Transcript expression meta-analysis¶
BioTK provides a way to store up to millions of expression vectors, along with associated probe mappings and phenotype/sample data, in HDF5 format on your hard drive for efficient querying and meta-analysis. HDF5 has many benefits, including query efficiency and the ability to store all your expression data in a single file that can be easily backed up or transferred to different computers.
If you like, you can easily store and query all available GEO samples for your model organism(s) of choice.
Importing data¶
Performing a meta-analysis¶
Finding coexpressed genes¶
Inferring categories for genes or samples¶
Development information¶
General development information¶
Contributors¶
License¶
BioTK is licensed under the GNU Affero General Public License version 3 (or any later version thereof, at your option).
How to contribute¶
If you’d like to contribute to BioTK (yay!), please follow the guidelines below. In summary:
- Write the code
- Write documentation
- Write tests (that pass)
- Submit a pull request on GitHub
Although we use PEP8 for variable names and Numpy docstring format (with a few exceptions), don’t obsess over following every detail of these format guides, especially if you are new to them. Just do what you can, and we can fix minor errors later.
Writing code¶
Naming conventions¶
Code mostly follows standard Python naming conventions from PEP8 (lower_case_with_underscore for variables and functions, CamelCase for classes, private variables or methods with leading underscore, etc.).

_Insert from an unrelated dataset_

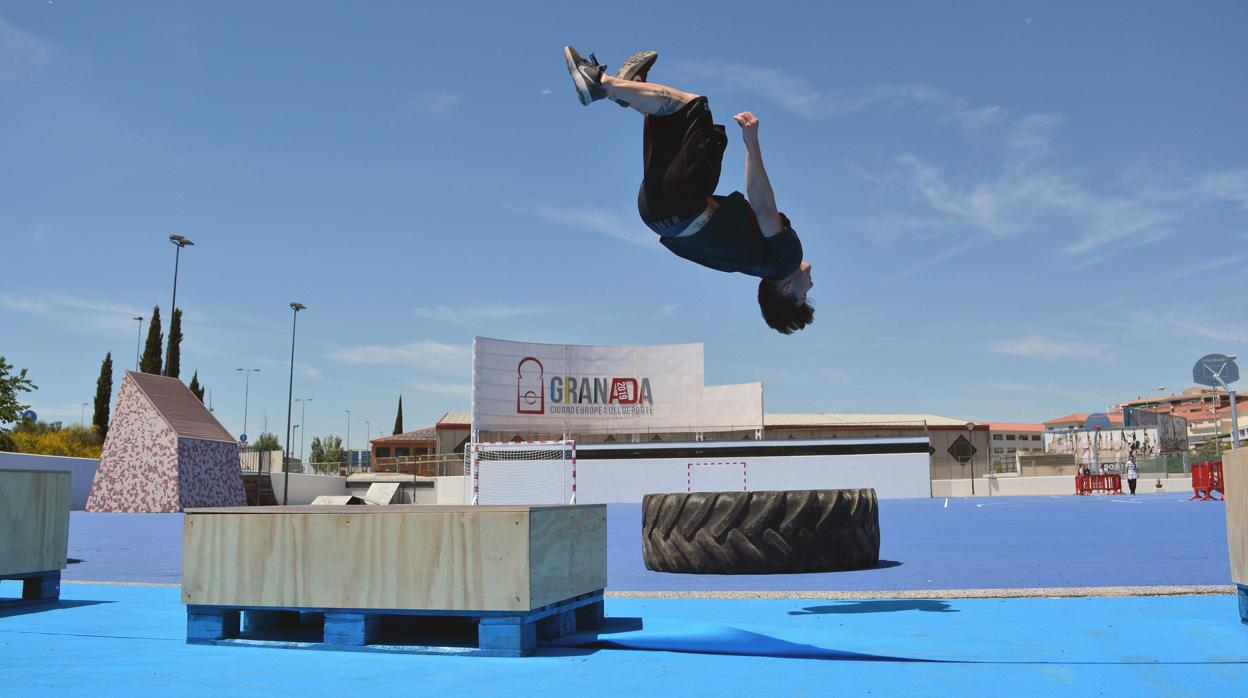 Un joven practica «parkour» en el renovado recinto deportivo de Granada.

There is one exception: modules and packages. Because of the huge preponderance of acronyms in biomedicine, modules are CamelCase with acronyms all uppercase if they describe a file format, external program, or well-known algorithm. Otherwise, they are lower-case.
Examples:
- BioTK.io.BEDGraph
- BioTK.io.Aspera
- BioTK.text.parse
- BioTK.text.AhoCorasick
Documentation¶
If you want to contribute some code, the most important kind of documentation to provide is docstrings. Sphinx documentation and in-code comments are nice to have, but not crucial.
Sphinx documentation¶
High level information and tutorials are written in the doc/ directory in reStructuredText format, and built into HTML and other formats using Sphinx. These docs are automatically mirrored to http://BioTK.readthedocs.org/ .

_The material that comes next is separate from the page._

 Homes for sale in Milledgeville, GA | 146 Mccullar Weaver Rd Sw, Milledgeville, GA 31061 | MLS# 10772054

A useful reStructuredText primer can be found at http://docutils.sourceforge.net/docs/user/rst/quickref.html .
Docstrings¶
Modules, and public classes and functions inside them, need docstrings. Keep it high level, explaining what the module/function and the parameters are doing, not how they are doing it. Provide citations to the algorithm’s paper if appropriate. Generally speaking, the more “public” a function/class is, the more documentation it needs. If it should be rarely or never directly called by a user, it may only need one line. Conversely, a large class with many methods may need quite extensive documentation.
The docstrings are written in Numpy format, with one exception: in BioTK, there is always a leading newline on the first line. Thus, instead of:
def add(a, b):
"""The sum of two numbers.
(rest of docstring ...)
"""
we use:
def add(a, b):
"""
The sum of two numbers.
(rest of docstring ...)
"""
The numpy docstring format is described here:
And many good examples are here:
Internal code comments¶
Functions and class methods should be short enough, and the code should be clear enough, that code comments should mostly be unnecessary. Use good judgment: if a particularly tricky method is being used, it may need some explanation, but in general keep comments high level.
You can mark “wishlist” items with a TODO comment, and items that are actually broken or need urgent attention with “FIXME” (obviously the latter should be done sparingly).
Unit tests¶
They are written using the py.test framework, and are placed in the test/ directory, with a directory structure that mirrors the structure of BioTK.
If possible, avoid tests that take a long time to run or require network access.